▶ **WHAT NEEDS TO BE DONE**:
Using the material below, repeat exactly the lines from the one with "Drum-playing rhinoceros - Men's" through the one with "Mushroom foraging scene", ends included, without any images.

▶ **DATA FOR THIS EXERCISE**:
□ □ □ □ □ □ □
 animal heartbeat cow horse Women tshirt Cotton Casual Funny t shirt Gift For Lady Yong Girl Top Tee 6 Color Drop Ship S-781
□ □ □ □ □ □ □
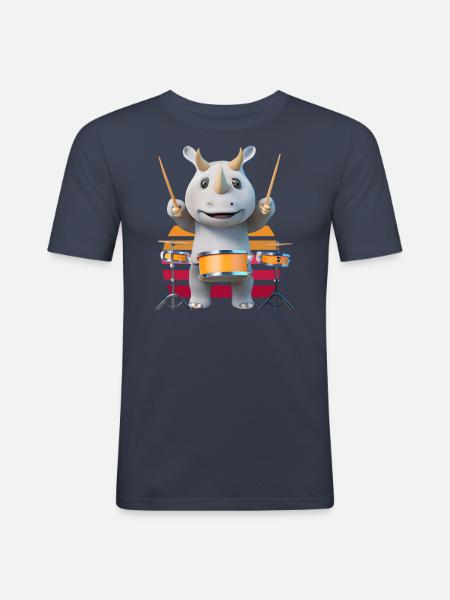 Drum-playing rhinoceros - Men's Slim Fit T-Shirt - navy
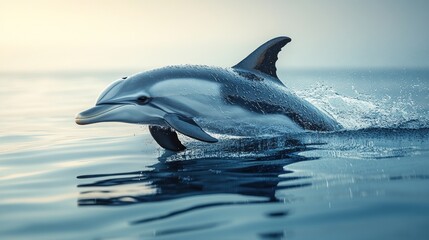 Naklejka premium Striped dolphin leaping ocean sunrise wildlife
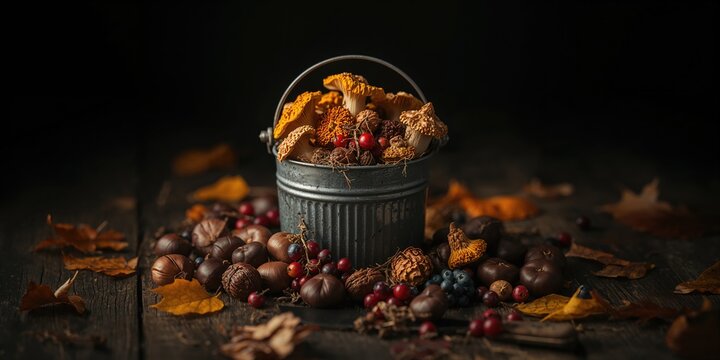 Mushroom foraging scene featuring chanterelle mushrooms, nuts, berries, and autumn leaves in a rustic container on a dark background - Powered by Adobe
□ □ □ □ □ □ □
▶ **REPLY**:
 Drum-playing rhinoceros - Men's Slim Fit T-Shirt - navy
 Naklejka premium Striped dolphin leaping ocean sunrise wildlife
 Mushroom foraging scene featuring chanterelle mushrooms, nuts, berries, and autumn leaves in a rustic container on a dark background - Powered by Adobe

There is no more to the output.